Unicode from SQL to ASP - SQL Server Forums

Please start any new threads on our new site at https://forums.sqlteam.com. We've got lots of great SQL Server experts to answer whatever question you can come up with.

All Forums

Development Tools

ASP.NET

Unicode from SQL to ASP

Author

Topic

SamC
White Water Yakist

3467 Posts

Posted - 2003-05-08 : 16:00:52

I'm retrieving adVarWChar using ADO .Parameter

It seems to be getting the data correctly but I don't recall that ASP variables support UNICODE - or do they?

Seems to be that ADP character strings are 1 type only - 1 byte per character..

If I retrieve a Unicode string

strMyHeader = .Parameter("@MyHeader")

Is there some special treatment other than

Response.Write strMyHeader

to properly format the output as unicode characters?

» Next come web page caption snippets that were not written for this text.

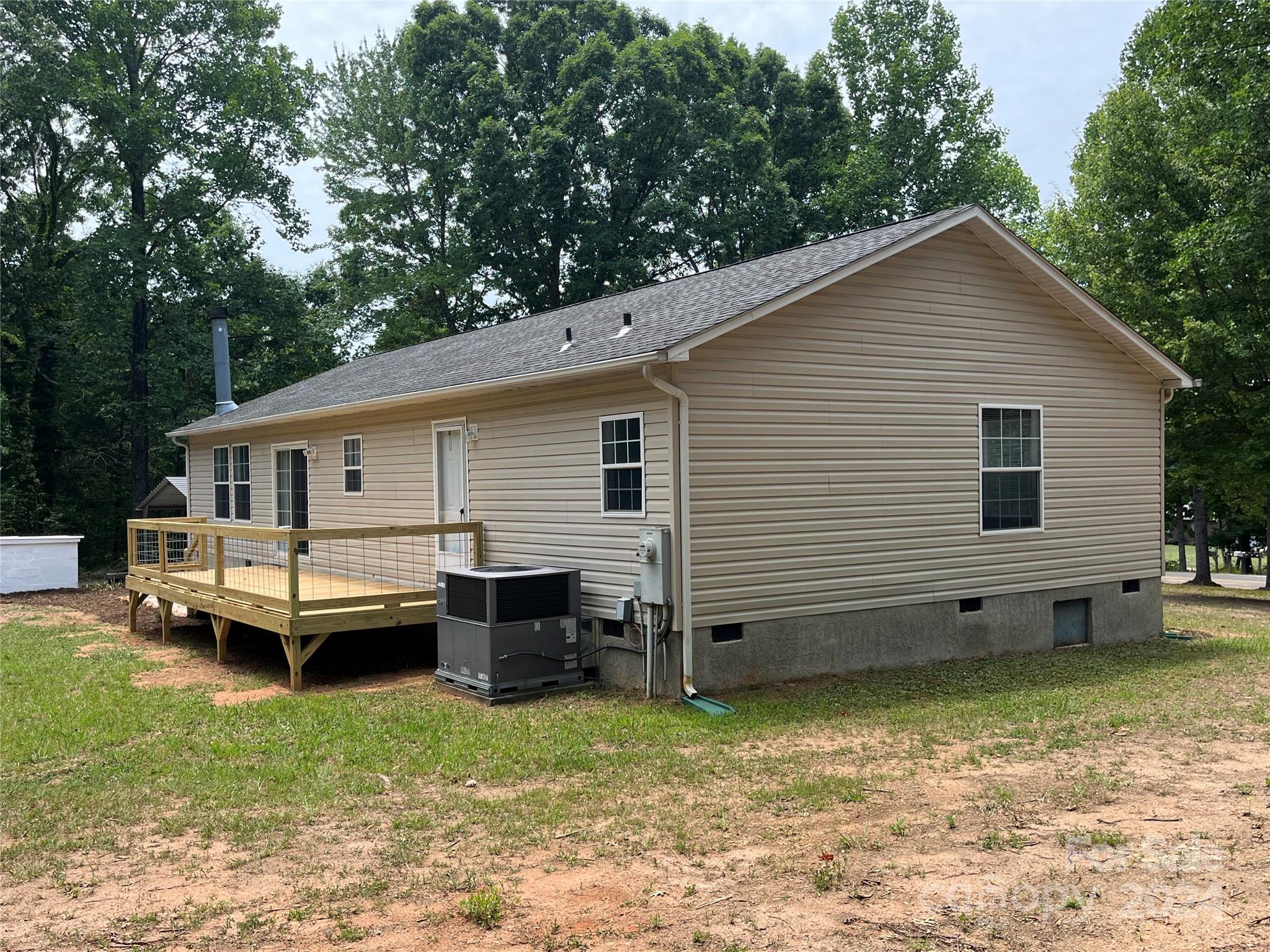 802 Deer Park Road Nebo, NC 28761 - Photo 8 of 47 Gallery Image 8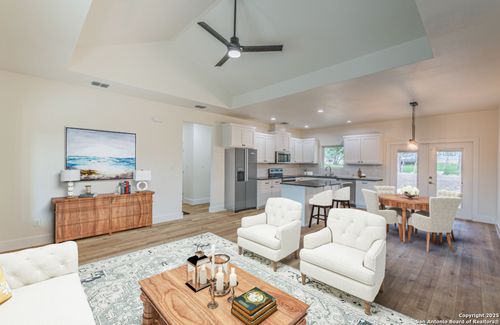 635 Cactus Flower, Canyon Lake, TX, 78133 | Card Image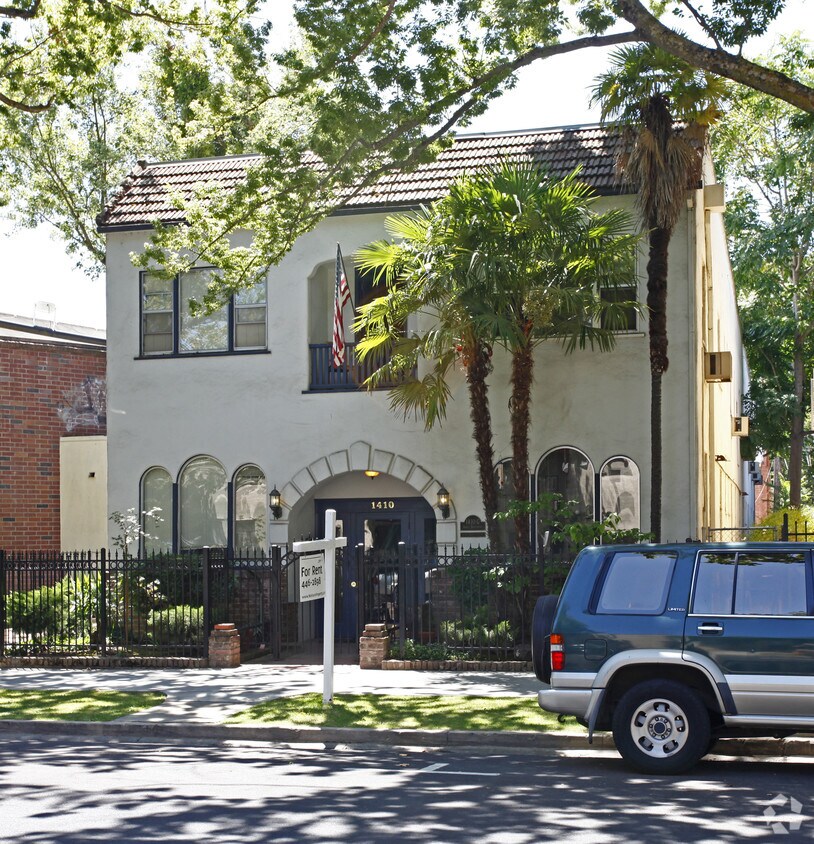 Building Photo - Abbey Apartments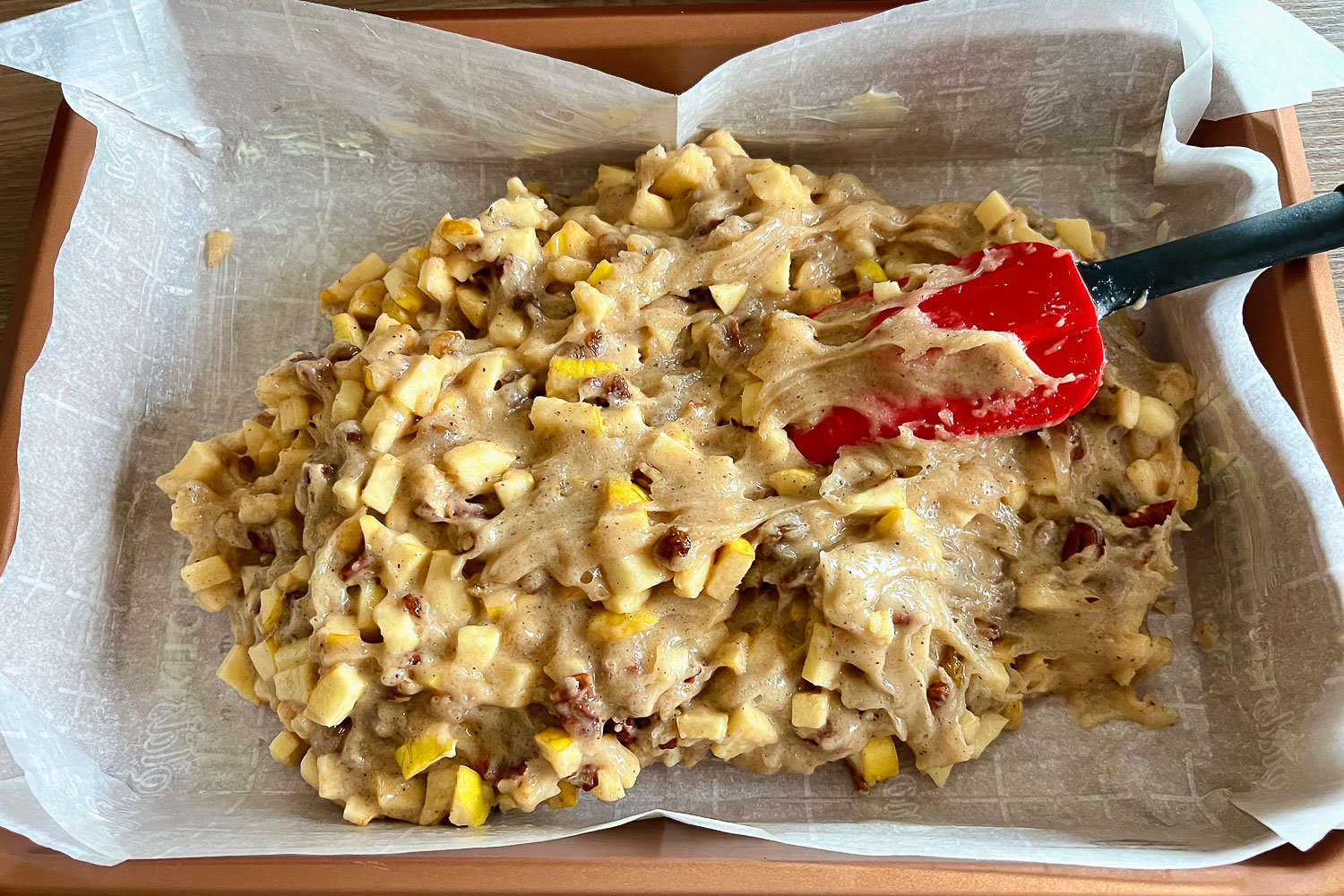 Apple bars batter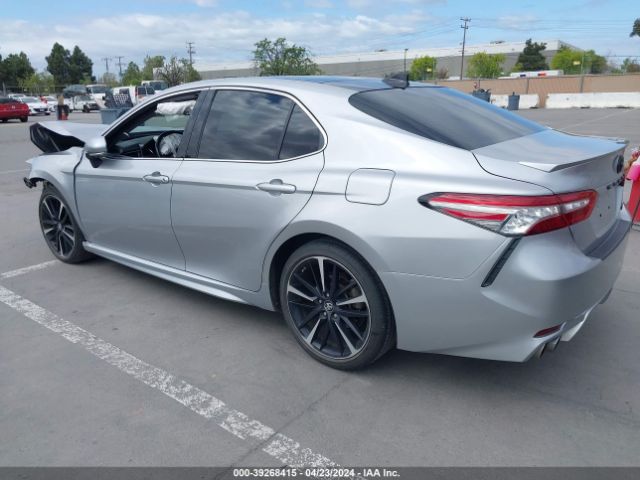 Photo 2 VIN: 4T1BZ1HK8JU504795 - TOYOTA CAMRY 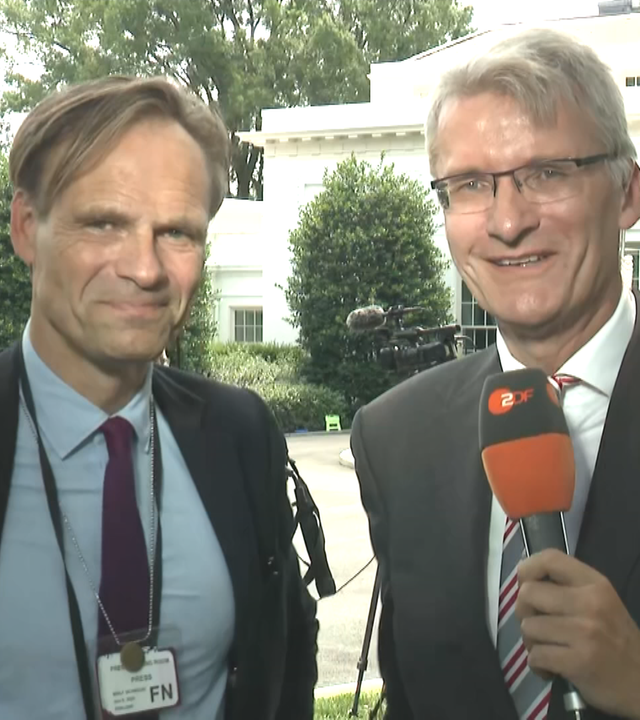 USA-Korrespondent Elmar Theveßen und Wulf Schmiese bei ZDFheute live.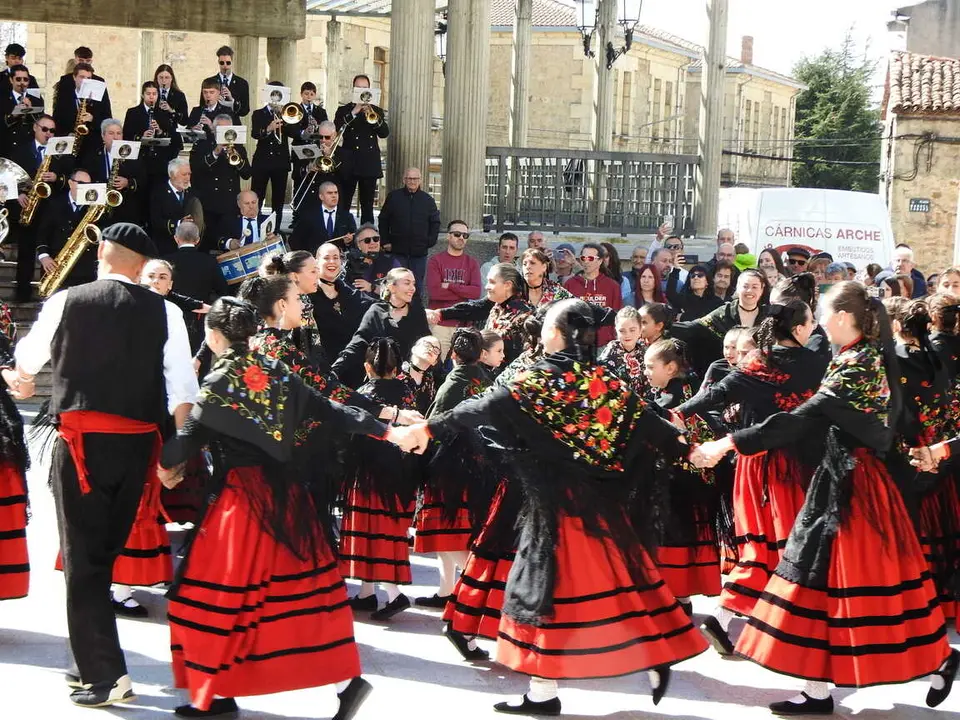 XI FERIA DEL CHORIZO EN COVALEDA (56)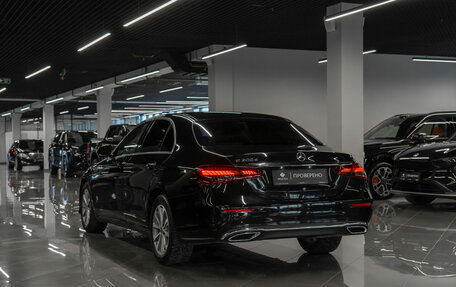 Mercedes-Benz E-Класс, 2020 год, 2 210 000 рублей, 4 фотография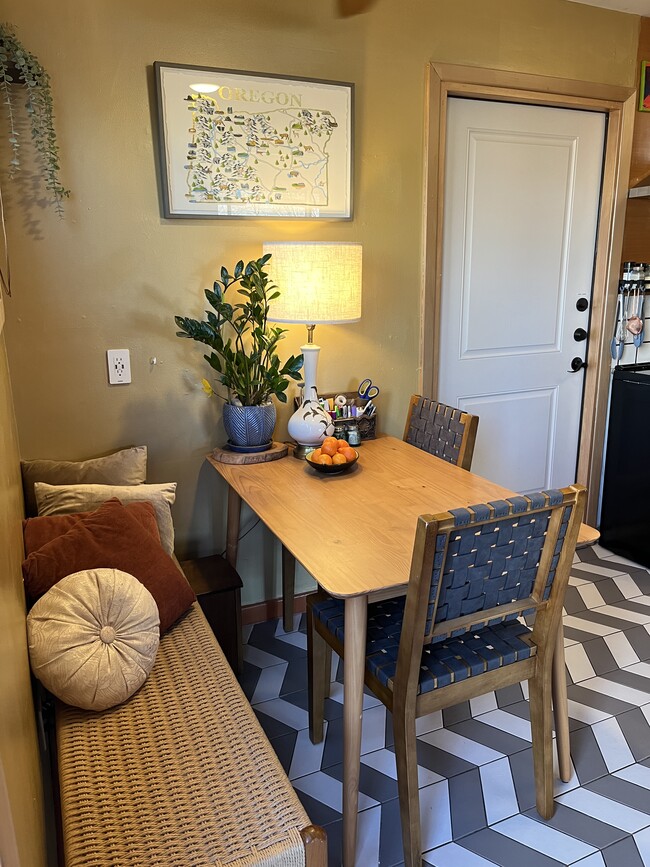 kitchen / dining room - 8564 N Richmond Ave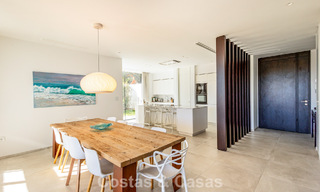 Villa moderne prête à emménager à distance de marche d’un club de golf sur la New Golden Mile entre Marbella et Estepona 795394 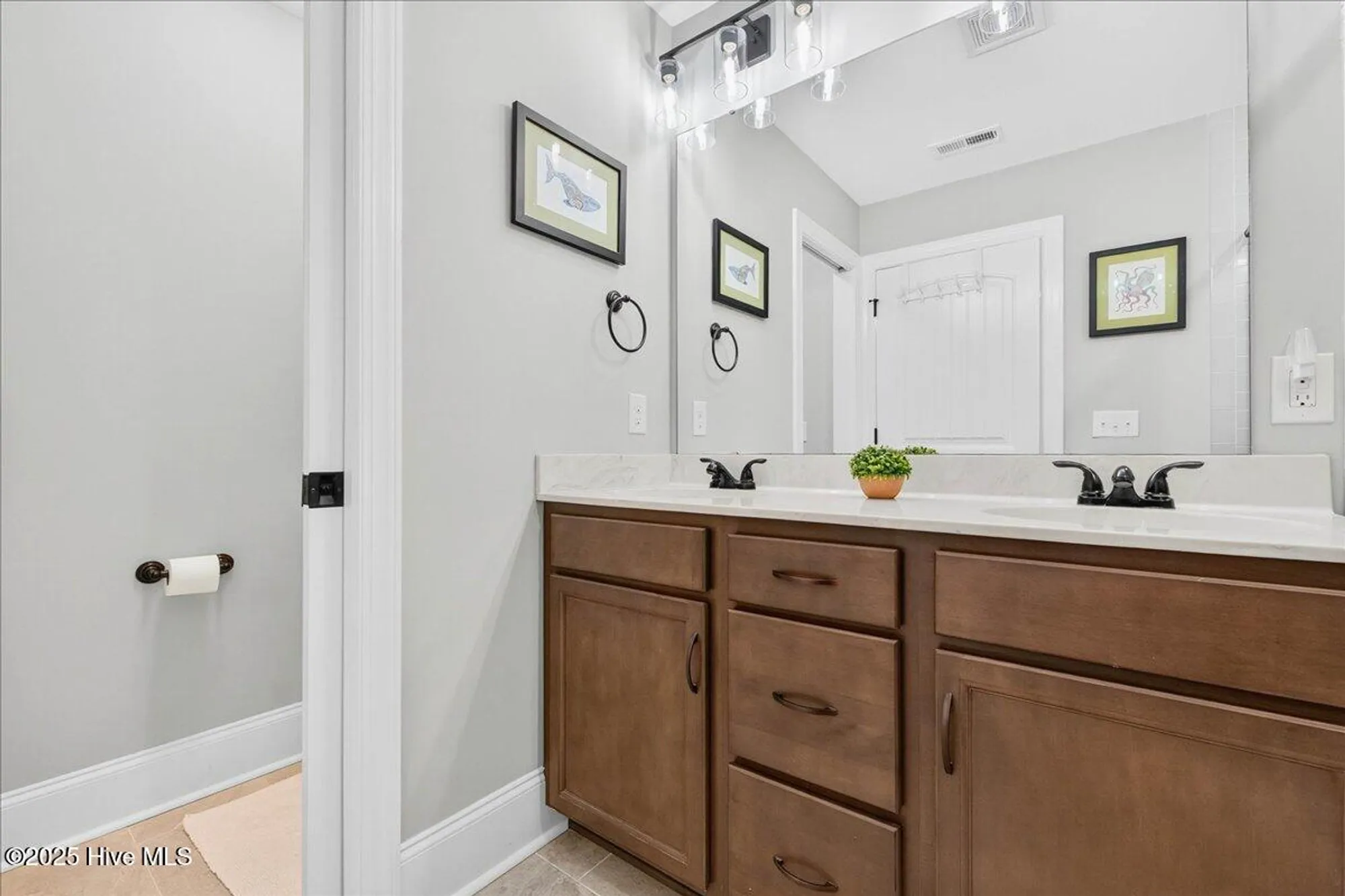 Property Slideshow image 21 of 55 | 1308 campanella ct sw a, Ocean Isle Beach, NC, 28469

Note: I'm using UTF-8 characterset in my HTML page, and static unicode characters display properly.

Sam

SamC
White Water Yakist

3467 Posts

Posted - 2003-05-08 : 17:47:55

I'm not at my workstation, but I think the answer may be:

Response.Write Server.URLEncode(strMyHeader)

Sam

SamC
White Water Yakist

3467 Posts

Posted - 2003-06-02 : 13:42:58

I found the answer to writing unicode properly from ASP.

.. codepage

Sam

mohdowais
Sheikh of Yak Knowledge

1456 Posts

Posted - 2003-06-02 : 13:53:02

Hey Sam, I am having a similar problem. What codepage property did you change? I tried Response.Codepage (not available in Win2k), Session.CodePage and the ASPCodePage Metabase property of the Application. None worked

Any helpful pointers?

Owais

SamC
White Water Yakist

3467 Posts

Posted - 2003-06-02 : 14:15:15

Well, first, you gotta know the codepage mapping values.

Then, I used

<%@LANGUAGE="VBSCRIPT" CODEPAGE="65001"%>

The 65001 is the codepage mapping for UNICODE. Of course, stored procedures using unicode parmeters must be NVARCHAR and the ADO must declare these parameters as adVarWChar.

I'd like to hear from you if you have any new discoveries using UNICODE (or other) languages. I'm still on my learning curve myself.

I'm using a meta tag declaring charset=UTF-8, which works very well for lots of languages. I'm happily surprised that Netscape 4.X browsers render the UTF-8 page (after an unexpected automatic refresh).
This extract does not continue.